Now if the experiment results in 35 heads, we say that we reject the null hypothesis. The

reason for this is either a rare event has occurred, or the null hypothesis is actually not true.

Hence, there is still a room for mistake when we do these tests of hypothesis. When we reject

the null hypothesis when in fact it is true, then we have committed a type I error. The probability

of this error is denoted by α, and is also called the level of significance.

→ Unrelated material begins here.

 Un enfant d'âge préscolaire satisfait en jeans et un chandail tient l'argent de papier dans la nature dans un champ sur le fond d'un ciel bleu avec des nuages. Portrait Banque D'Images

The other type of error is when we fail to reject the null hypothesis when in fact it is false.

This type of error is called a type II error. The probability of this error is denoted by β. The

power of the test is computed by 1 – β. These notions are summarized in the following table.

Null Hypothesis is True Null Hypothesis is False

Accept Correct Decision Type II Error (β)

Reject Type I Error (α) Correct Decision

We would want to minimize these errors as much as possible, however, as we decrease

the probability of a type I error, we increase the probability of a type II error, and vice versa.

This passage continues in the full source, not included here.